There are far too many books about London. Amazon can sell you 79000 of them. There are more and more in our bookshops every week, clogging up that special set of shelves labelled "London". Here you can find anything from erudite literary tracts to weedy wafer-thin pamphlets, but particularly that special breed - "lots of nuggety facts about London reassembled together in a slightly different order". There's only so much London trivia to go round ("Sweeney Todd lived in Fleet Street", "Buckingham Palace has 240 bedrooms", "The Ritz sells expensive sandwiches") but it's amazing how many times locals and tourists are willing to buy this stuff. Well, this week there's another historical trivia book out, packed with London facts, which claims to be a bit different. And it's called...

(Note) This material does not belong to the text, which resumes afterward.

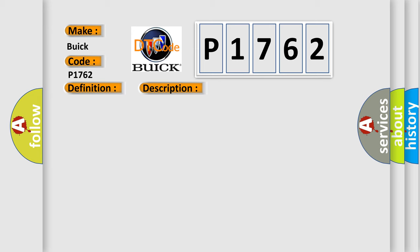This diagnostic error occurs most often in these cases: wiring, terminals or connectors, heated seat relay, heated seat element, or HVAC module.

I saw a copy of the book in Foyles, and checked out the back cover to see if it might be interesting. "Neasden is the home of the largest Hindu temple in Europe." Yes, I blogged that last month. "Britain's oldest and largest tidal mill can be found at Stratford in East London." Yes, I know, I live just up the road. "...wedding cake... St Brides..." Yeah, yeah, yeah. "Vauxhall gave its name to the Russian word for station." OK, that's a bit different. So I took a look inside, and flicked through a bit, and noticed lots of things I didn't actually know (in amongst the stuff I did). The book has lots of geographically arranged sections, each containing meaty textual chunks, and it's rather nicely illustrated too. All the big facts are picked out in capital letters to make them easier to spot, and there are plenty of them. I've picked ten of the more interesting ones to test you out, and to test the book out. Do you know the places in question, or are they things you never knew about London?

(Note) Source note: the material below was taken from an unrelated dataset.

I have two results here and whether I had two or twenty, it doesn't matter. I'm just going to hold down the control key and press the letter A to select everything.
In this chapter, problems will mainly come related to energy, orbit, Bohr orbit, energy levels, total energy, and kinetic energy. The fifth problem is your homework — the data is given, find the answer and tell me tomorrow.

1) LONDON'S NARROWEST ROAD BRIDGE 2) LONDON'S ONLY CROSS-EYED STATUE 3) BRITAIN'S FIRST OFFICIAL ROUNDABOUT 4) THE NEAREST WINDMILL TO CENTRAL LONDON 5) THE FIRST PUBLIC STATUE IN THE WORLD TO BE MADE FROM ALUMINIUM 6) THE ONLY LARGE LONDON PARK NOT TO BE ENCLOSED BY RAILINGS 7) THE OLDEST RAMPED MULTI-STOREY CAR PARK IN BRITAIN 8) THE OLDEST MANUFACTURING COMPANY IN BRITAIN 9) LONDON'S OLDEST PROFESSIONAL FOOTBALL CLUB 10) THE OLDEST MULBERRY TREE IN BRITAIN [Pick one, if you know it, and identify its location in this comments box]
So anyway, I bought a copy of the book and took it home and had a good read. There was lots on the City, and Westminster, and Chelsea, and Southwark, and... hang on, not all of London has been included. All the riverside boroughs from Wandsworth to Greenwich are here, but only the bits of those boroughs that are sort of near the river. The Old Bailey is here, but the British Library isn't. Canary Wharf gets in, but Stratford doesn't. Hang on, the back cover suggested that the tidal mill at Stratford was in the book. It lied. It also lied about Neasden, because the nearest the book gets to the big Hindu temple is a railway depot in East Acton. Or, in other words, half of the facts flagged on the back cover don't actually appear in the book at all. The publisher's website contains similar lies ("unearth the original Big Brother house in Bromley" - not included) ("See the Brentford river views that inspired Turner" - not included) which is a bit naughty. Or perhaps even downright deceptive. The book would be better titled "I Never Knew That About Central Riverside London". Sorry Barking and Dagenham, sorry Havering, you're miles away from being included.
I've emailed the publishers to tell them that I think the information published on the book's back cover (and on their website) is highly misleading. I got their Out of Office. Maybe I'll have better luck hearing back from the author. It's a shame, because this is actually an interesting and informative book, and a good one to file away on your own "lots of historical triviaabout London" bookshelf. Just don't buy it expecting to read very much about Greater London. Maybe someone else'll have to write that one.